What the task requires:
Write the lines below out exactly, dropping each picture.

▼

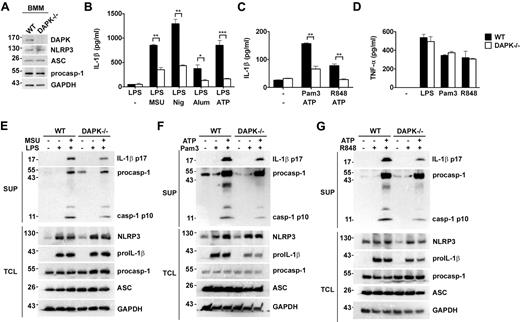 Figure 1. Attenuated caspase-1 activation and IL-1β secretion in Dapk−/− macrophages. (A) Normal expression of NLRP3, ASC, and procaspase-1 in DAPK-null macrophages. Bone marrow–derived macrophages (BMM) from normal littermate control (WT) and Dapk−/− mice were analyzed for the protein expression of DAPK, NLRP3, ASC, procaspase-1, and glyceraldehyde-3-phosphate dehydrogenase (GAPDH). (B-C) Reduced IL-1β secretion in DAPK-null macrophages. Bone marrow–derived macrophages from WT and Dapk−/− (−/−) were primed with LPS (0.5 μg/mL) (B), Pam3CSK4 (Pam3, 1 μg/mL), or R848 (2 μg/mL) (C) for 4 hours, followed by incubation with ATP (5mM) for 60 minutes (B-C), or nigericin (10μM), MSU (150 μg/mL), alum crystal (500 μg/mL) (B) for 6 hours. The secreted IL-1β in the supernatants was determined by ELISA. (D) Normal TNF-α secretion in DAPK-deficient macrophages. Bone marrow–derived macrophages from WT and Dapk−/− mice were stimulated with LPS, Pam3CSK4, and R848 for 6 hours, and TNF-α secreted measured by ELISA. (E-G) DAPK deficiency decreased caspase-1 activation. Macrophage and supernatants from LPS-primed and MSU-stimulated (E), Pam3CSK4-primed and ATP stimulated (F), and R848-primed and ATP stimulated (G) macrophages were collected before and after priming, and after MSU or ATP treatment. Cells were lysed to generate total cell lysates (TCL). Supernatants (SUP) were precipitated with cold (−20°C) acetone, and dissolved in ristocetin-induced platelet aggregation buffer. Both supernatant precipitates and cell lysates were resolved by SDS-PAGE. The amounts of pro-IL-1β, mature IL-1β (p17), NLRP3, ASC, procaspase-1, active caspase-1 (p10), and GAPDH in SUP and TCL were determined by immunoblotting. (B-D) Error bars represent SD of a specific experiment with triplicate samples. All experiments have been repeated at least 3 times with similar results. *P < .05, **P < .01, ***P < .001 for paired t test.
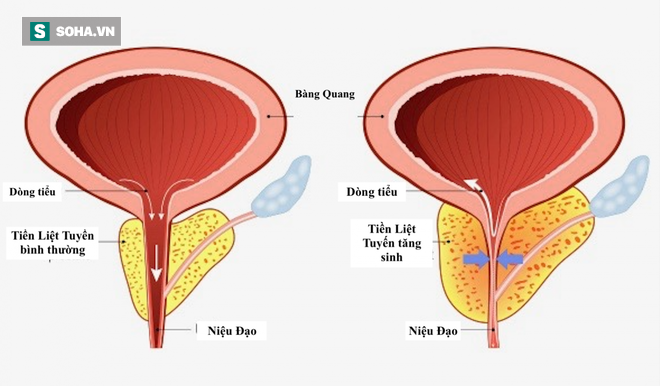 Nam giới sau tuổi 45 phải đặc biệt cảnh giác với 3 căn bệnh nguy hiểm: Biết muộn khó chữa - Ảnh 1.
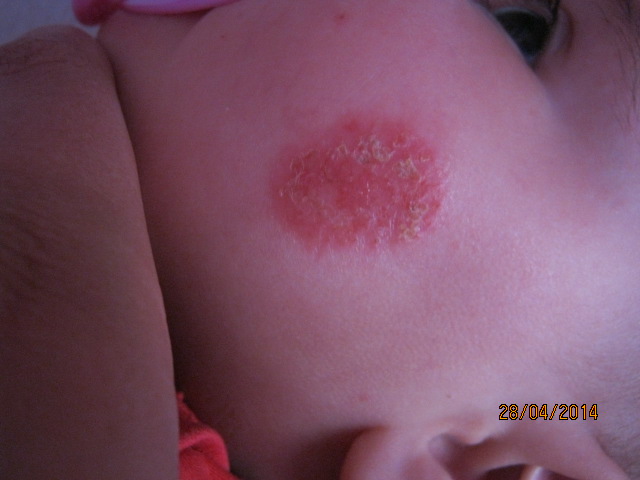 Пятно на щечке.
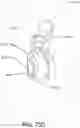 Fig. 60 - CLAMPING DEVICES FOR EXTERNAL FIXATION DEVICE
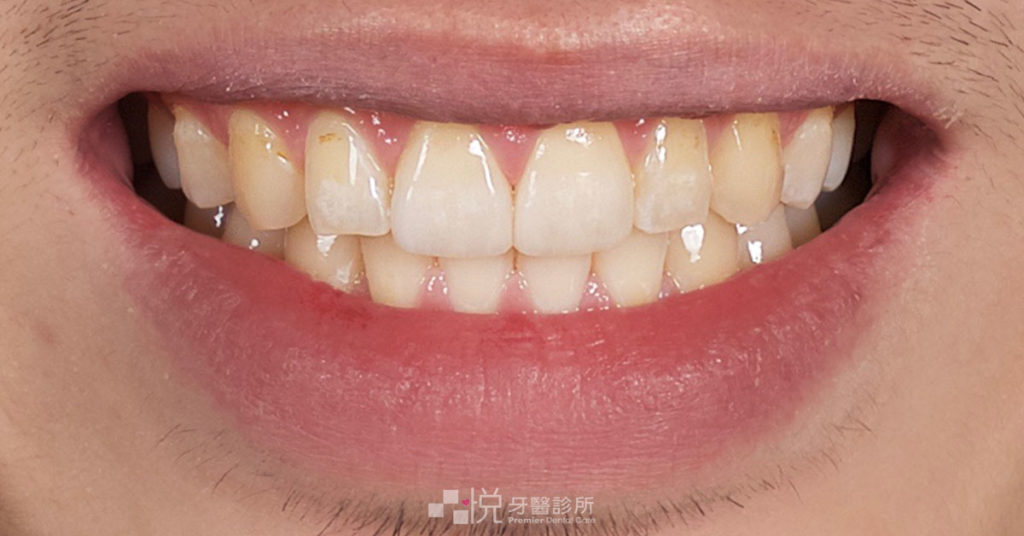 竹北陶瓷貼片術後復原狀況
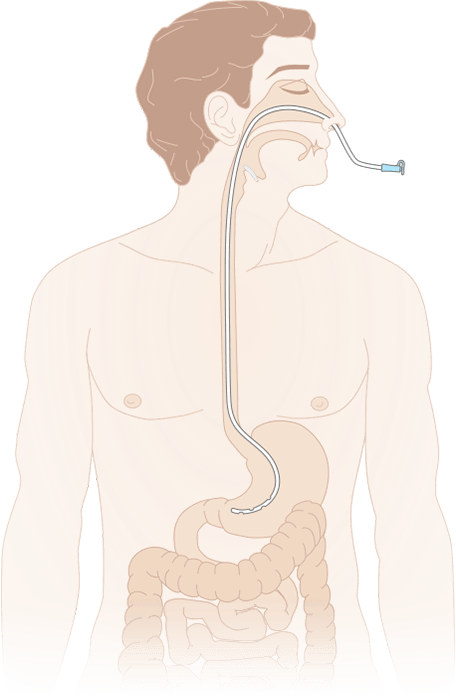 постановка питательного зонда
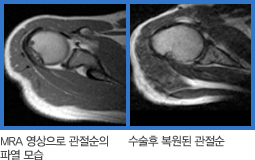 MRA 영상으로 관절순의 파열 사진, 수술후 복원된 관절순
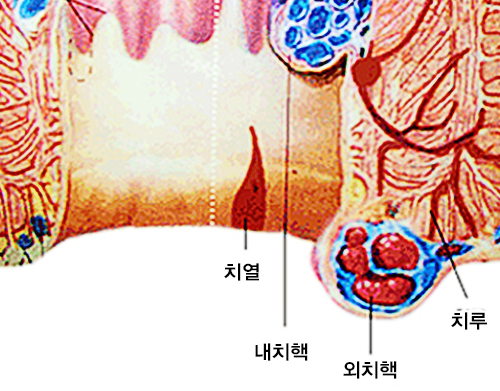 치질의 종류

▲

Result:
 Figure 1. Attenuated caspase-1 activation and IL-1β secretion in Dapk−/− macrophages. (A) Normal expression of NLRP3, ASC, and procaspase-1 in DAPK-null macrophages. Bone marrow–derived macrophages (BMM) from normal littermate control (WT) and Dapk−/− mice were analyzed for the protein expression of DAPK, NLRP3, ASC, procaspase-1, and glyceraldehyde-3-phosphate dehydrogenase (GAPDH). (B-C) Reduced IL-1β secretion in DAPK-null macrophages. Bone marrow–derived macrophages from WT and Dapk−/− (−/−) were primed with LPS (0.5 μg/mL) (B), Pam3CSK4 (Pam3, 1 μg/mL), or R848 (2 μg/mL) (C) for 4 hours, followed by incubation with ATP (5mM) for 60 minutes (B-C), or nigericin (10μM), MSU (150 μg/mL), alum crystal (500 μg/mL) (B) for 6 hours. The secreted IL-1β in the supernatants was determined by ELISA. (D) Normal TNF-α secretion in DAPK-deficient macrophages. Bone marrow–derived macrophages from WT and Dapk−/− mice were stimulated with LPS, Pam3CSK4, and R848 for 6 hours, and TNF-α secreted measured by ELISA. (E-G) DAPK deficiency decreased caspase-1 activation. Macrophage and supernatants from LPS-primed and MSU-stimulated (E), Pam3CSK4-primed and ATP stimulated (F), and R848-primed and ATP stimulated (G) macrophages were collected before and after priming, and after MSU or ATP treatment. Cells were lysed to generate total cell lysates (TCL). Supernatants (SUP) were precipitated with cold (−20°C) acetone, and dissolved in ristocetin-induced platelet aggregation buffer. Both supernatant precipitates and cell lysates were resolved by SDS-PAGE. The amounts of pro-IL-1β, mature IL-1β (p17), NLRP3, ASC, procaspase-1, active caspase-1 (p10), and GAPDH in SUP and TCL were determined by immunoblotting. (B-D) Error bars represent SD of a specific experiment with triplicate samples. All experiments have been repeated at least 3 times with similar results. *P < .05, **P < .01, ***P < .001 for paired t test.
 Nam giới sau tuổi 45 phải đặc biệt cảnh giác với 3 căn bệnh nguy hiểm: Biết muộn khó chữa - Ảnh 1.
 Пятно на щечке.
 Fig. 60 - CLAMPING DEVICES FOR EXTERNAL FIXATION DEVICE
 竹北陶瓷貼片術後復原狀況
 постановка питательного зонда
 MRA 영상으로 관절순의 파열 사진, 수술후 복원된 관절순
 치질의 종류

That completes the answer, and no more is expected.